In 2003, I won an award for best paper at a work conference. It was the pinnacle of my career. Such a huge accolade. I was completely blown away as I didn't know they presented best paper awards so had not even dreamed of it. It was before the time of mobile phones, and so by the time the event was over it was after 10 pm, too late to ring anyone and tell them.

I was working for a farmer group and our trial (which I had not been involved with during the planning, I came to it later) was quite unconventional. It excited me because of that. It was asking tough questions and was a huge undertaking. I loved the challenge of that. To win an award, to have people notice this work was a huge achievement. I thought we (our farmer-led research group) were destined for great things. (There are some similarities here, right?)

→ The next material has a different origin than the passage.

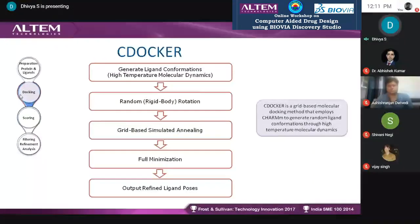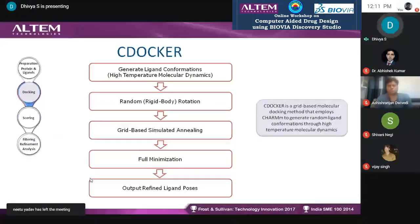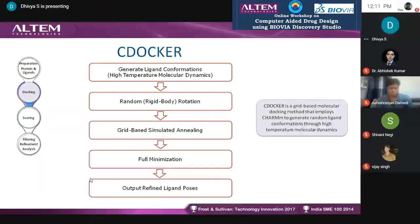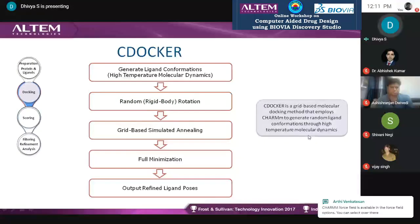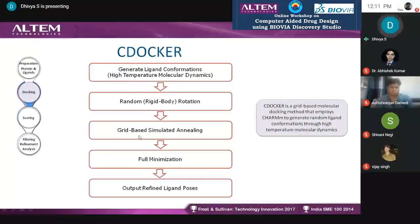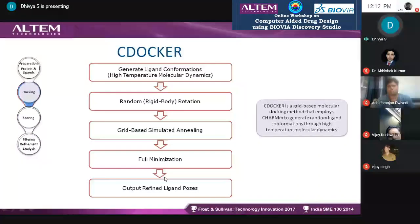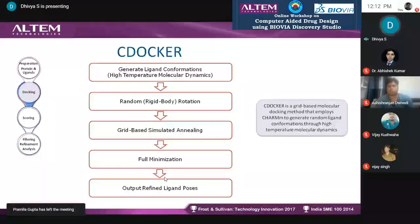Getting into the algorithm — today I am going to show you the molecular dynamics-based algorithm, CDocker. Once you have prepared your protein and defined the binding site, it is ready for docking. The ligands are also prepared and kept ready. CDocker generates ligand conformations using high-temperature molecular dynamics and simulation. It is a grid-based algorithm that employs random ligand conformations through high-temperature MD techniques, random port rotation, and grid-based simulated annealing. Finally, it performs full minimization and retains the ligand pose in an iterative process until a refined pose is found for your active site.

My Mum died that night, a few hours later. I woke in the morning to a phone call from Dad. My award was overshadowed by loss.

All of last Sunday, I kept expecting something terrible to happen. I'd won an award, surely a smashing defeat would come next, obliterating any excitement and joy. I waited... and waited.

It didn't come.

What came instead was this whopping realisation that I equated success with grief - a win with defeat

Damn it.

I knew I feared success more than failure...but I had no conscious understanding of why I feared success. Now I know.

Next comes the breaking down of those fears.

I'll have to dig out my 2003 trophy (that's buried in a filing cabinet) and place it with this beauty. I'll have to remain mindful of the pride and joy associated with each achievement, separate to sad events that surround each award.